Last month, the opposition chief, Mr Raila Odinga, criticised the model of the drive, saying it didn’t factor in the sustainability aspect.

“How do you connect a mud house to the national grid without even caring about how the bills will be paid, and the house itself is almost collapsing? There was one picture where some old women clearly looked hungry; in such a case, do you address the hunger or provide them with light?” he asked.

And after it rolled out mass distribution of tablets for schools last week, about three years behind schedule, Cord accused the government of trying to hoodwink Kenyans that Jubilee was working.

Mr Odinga’s co-principal in Cord, Moses Wetang’ula, accuses Jubilee leaders of taking the country through a revolving door.

“They are launching and re-launching similar projects to appear as though they are working. The excitement about exporting oil, for instance, is unfounded. World over, who exports crude oil in tankers?

Pipeline is the ideal to make it cost-effective. And why can’t they rehabilitate the refinery at the coast and do value addition before exporting? Luckily, Kenyans are not fools, their ability to see through falsehoods is above average,” he said.

Some of the most recent promises by Jubilee include giving insurance policy to farmers.

When he opened Nairobi International Trade Fair four days ago, President Kenyatta announced that Sh152 million had been set aside for pilot livestock insurance and a further Sh300 million for a crop insurance scheme before a comprehensive one is started.

Mr Odinga further says Kenyans are not as gullible as Jubilee tends to think.

“Like they say, a tiger does not proclaim its tigritude, it pounces. If you have done something good, people will just see.”

Mr Odinga recounted an incident where a plaque with his name at a local health centre in Lunga Lunga, Kwale County, was replaced with that of the DP yet he is the one who opened it when he was prime minister.

“Because [Mr] Ruto was attending a Law Society of Kenya function in the area, some overzealous officials thought of a creative way of making it appear he had gone there to do something meaningful. I have no problem with my name being removed but I wish this was indeed a new project that would ease the people’s suffering,” he said.

NOT A FAVOUR

He added that the only thing Jubilee could boast of is the laptops for schools but he says it is time-barred.

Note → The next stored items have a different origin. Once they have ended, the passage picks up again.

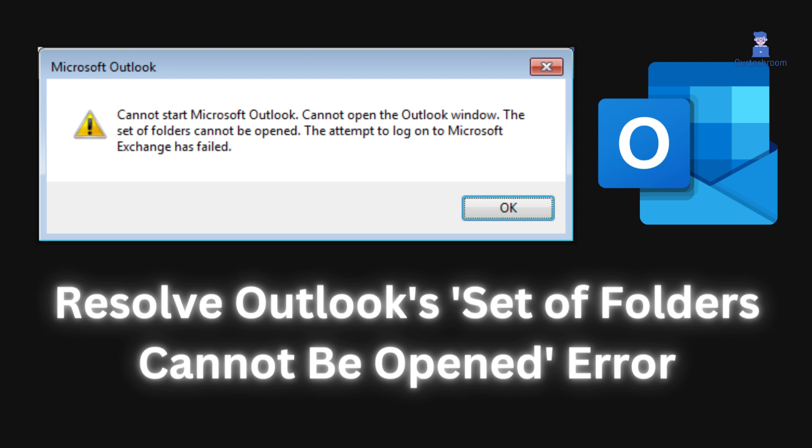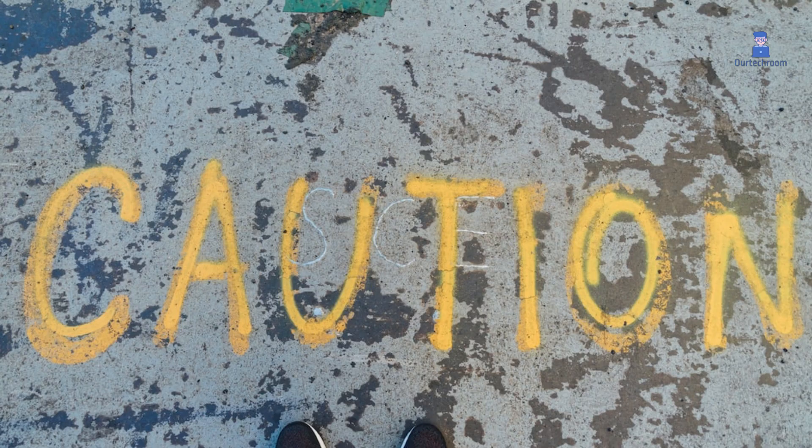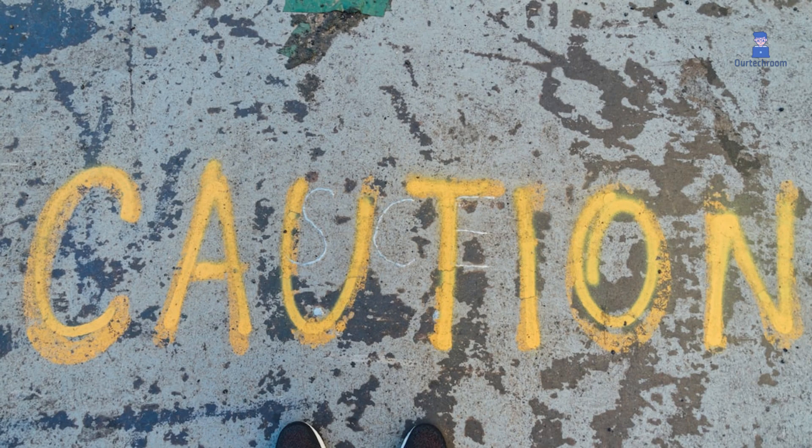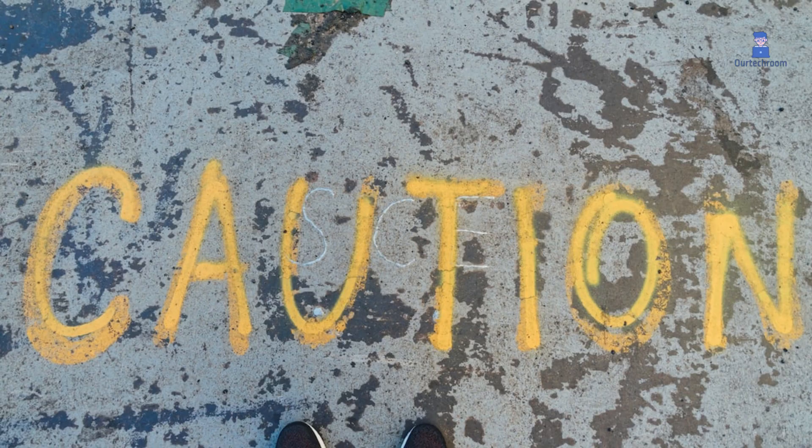In this video I will show you how to resolve Outlook's set of folder cannot be opened error. One of the simplest solutions is by using Registry Editor. I request you to follow exactly the same steps mentioned here.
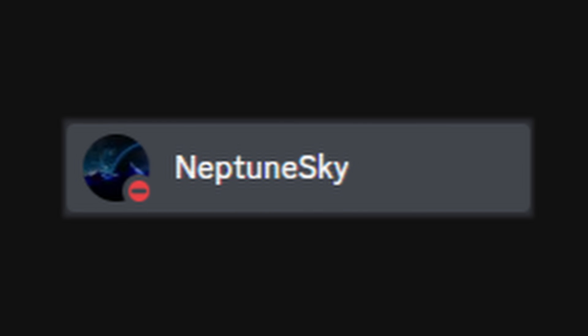Hello and welcome to another Mod Spotlight. Today I will be covering the Vanilla Upgrades mod for Spaceflight Simulator. It was made by Neptune Sky and has one dependency, which is UI Tools.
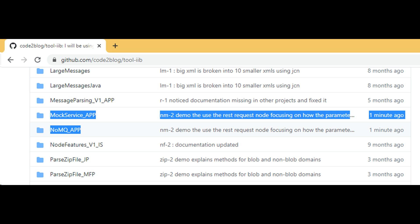For today's demo I have used two projects from my GitHub repository. Mock service underscore app and no MQ underscore app. Link to the source code in video description.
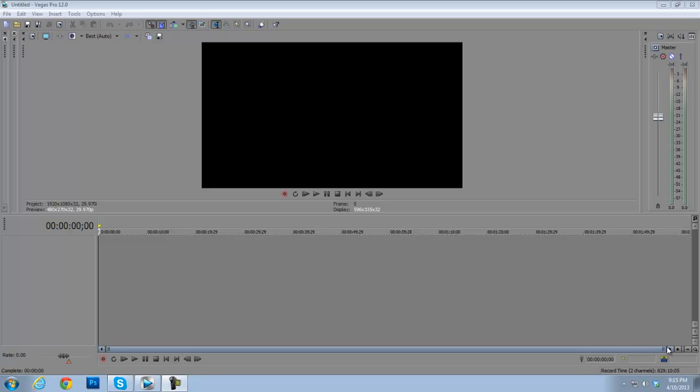What is up guys, it is FameCookie or 2CookieMan here, bringing you another Sony Vegas 12 tutorial on how to use my motion tracking templates.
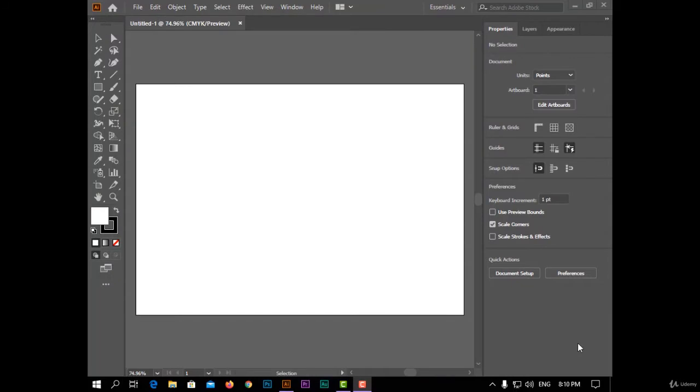Hi everybody, welcome back. Today we have a new effect in Adobe Illustrator. This effect was made for web designers specially. I'm talking about SVG filters, so let's start.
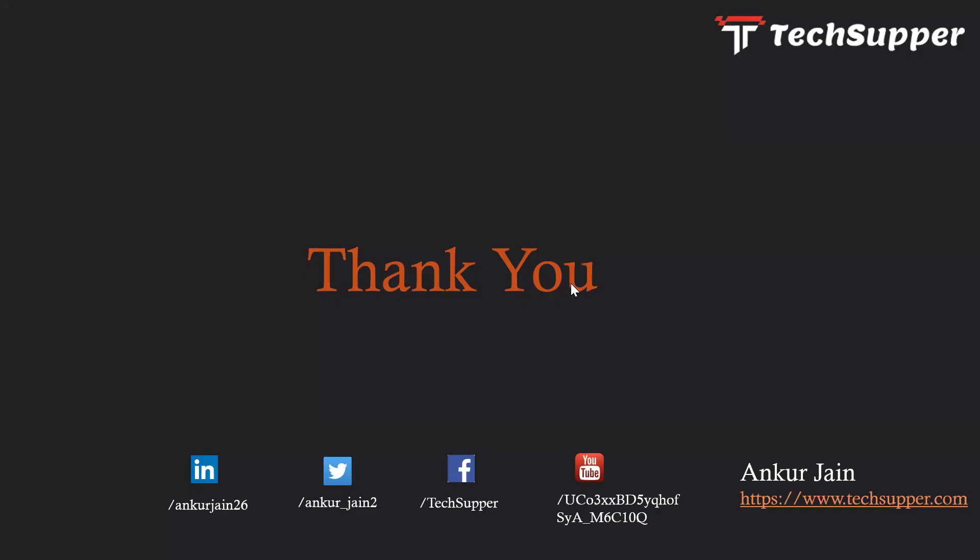Thank you guys for watching the video. If you like this video, please share, comment and like. You can subscribe my channel and you can surf my blog on https://www.techsupper.com. Thank you. Bye.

“In Garissa, they launched a public toilet built by the county government. SGR, Lapsset (The Lamu Port Southern Sudan-Ethiopia Transport) corridor and geothermal are all initiatives of the Grand Coalition Government. Let them show Kenyans new things they have done since coming to power. They’re in the last leg to the polls yet they are still piloting it, time is not on their side.”

Another Cord leader and former vice-president Kalonzo Musyoka accuses Jubilee of running a campaign to impoverish the areas where the opposition enjoys support.

“Development is a basic human right, not a favour. Yet they have been selectively dolling out development. When, for instance, in 2011 I launched the Kibwezi-Kitui-Mwingi road, they cancelled it only to bring it back now as a campaign tactic,” he said.

But Mr Kenyatta dismisses the opposition as having resigned to fate and become cry babies.

“The President is determined to show that the pledges he made to Kenyans are being honoured. That’s why he’s travelling across the country to inspect the projects. People are visual, if they don’t see that some serious work is going on, how will they believe it?” his spokesman Manoah Esipisu asks.

“Let the opposition focus on what they can do better for this country instead of attempting to pull our legs back.”

Mr Ruto, on his part, said development was part of campaigns and there was absolutely nothing wrong with it.

“If the construction of a road or connecting electricity to a village or equipping a hospital is campaigning, so be it,” Mr Ruto told the Sunday Nation through press secretary Emmanuel Talam.